The "Friends" actress" shared that she told Jolie how much her then-husband had been looking forward to working with her on their movie. Aniston also told her fellow Hollywood star that she hopes she and Pitt have a blast filming the flick.

"I pulled over and introduced myself," Aniston recalled. "I said, 'Brad is so excited about working with you. I hope you guys have a really good time.'"

Aniston also reflected on Pitt meeting Jolie for the first time when they started shooting scenes for "Mr. & Mrs. Smith," reportedly saying that her ex-husband "was gone" for the "Maleficent" star at that moment.

Aniston and Pitt were married for five years before splitting and finalizing their divorce in 2005. Just three months after ending his marriage with Aniston, Pitt confirmed that he and Jolie were expecting their first biological child, Shiloh Jolie-Pitt. At the time, Pitt also legally adopted Jolie's kids, Maddox and Zahara, whose last names were changed to Jolie-Pitt.

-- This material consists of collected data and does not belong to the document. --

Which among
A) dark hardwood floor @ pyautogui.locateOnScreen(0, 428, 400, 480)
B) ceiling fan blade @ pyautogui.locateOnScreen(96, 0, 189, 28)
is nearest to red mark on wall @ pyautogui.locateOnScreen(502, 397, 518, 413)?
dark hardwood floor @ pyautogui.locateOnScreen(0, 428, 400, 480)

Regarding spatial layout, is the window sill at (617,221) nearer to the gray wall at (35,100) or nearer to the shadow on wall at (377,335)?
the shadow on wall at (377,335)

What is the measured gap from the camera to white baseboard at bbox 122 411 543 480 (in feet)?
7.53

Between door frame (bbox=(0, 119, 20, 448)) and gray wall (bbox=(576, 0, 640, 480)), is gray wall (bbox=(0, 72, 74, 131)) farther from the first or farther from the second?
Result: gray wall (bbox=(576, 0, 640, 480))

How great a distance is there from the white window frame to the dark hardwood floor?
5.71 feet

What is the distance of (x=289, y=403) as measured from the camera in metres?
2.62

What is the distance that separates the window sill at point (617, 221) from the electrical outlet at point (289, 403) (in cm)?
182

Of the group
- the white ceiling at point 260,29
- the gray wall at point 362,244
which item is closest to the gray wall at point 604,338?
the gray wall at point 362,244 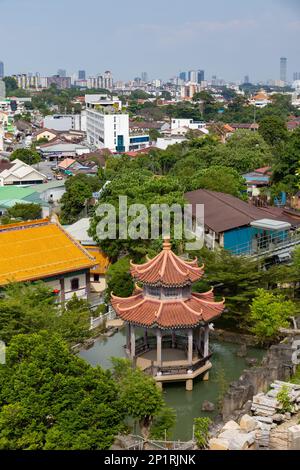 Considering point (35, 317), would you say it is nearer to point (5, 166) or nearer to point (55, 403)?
point (55, 403)

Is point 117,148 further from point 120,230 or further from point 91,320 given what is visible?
point 91,320

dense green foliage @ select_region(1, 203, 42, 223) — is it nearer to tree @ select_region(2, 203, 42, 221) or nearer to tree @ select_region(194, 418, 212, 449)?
tree @ select_region(2, 203, 42, 221)

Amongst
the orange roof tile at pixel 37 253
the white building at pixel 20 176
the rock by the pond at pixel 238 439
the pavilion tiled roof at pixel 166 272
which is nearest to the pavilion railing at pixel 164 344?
the pavilion tiled roof at pixel 166 272

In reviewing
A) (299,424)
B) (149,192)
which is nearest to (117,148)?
(149,192)

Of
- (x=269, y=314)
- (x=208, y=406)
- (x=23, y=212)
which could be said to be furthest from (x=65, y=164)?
(x=208, y=406)

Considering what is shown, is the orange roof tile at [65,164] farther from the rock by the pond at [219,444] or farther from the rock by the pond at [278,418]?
the rock by the pond at [219,444]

Pitt tied the knot with Jolie in 2014, but the estranged couple announced their separation just two years later. Now, Pitt and Jolie are reportedly nearing the finalization of their divorce.

Meanwhile, Aniston has consistently claimed that she and Pitt had no hard feelings for each other following their divorce. And earlier this year, the two exes seemed to prove their amicable relationship when Pitt made an appearance at Aniston's 50th birthday bash. A source told People that Pitt reportedly wanted to show his support for his ex-wife.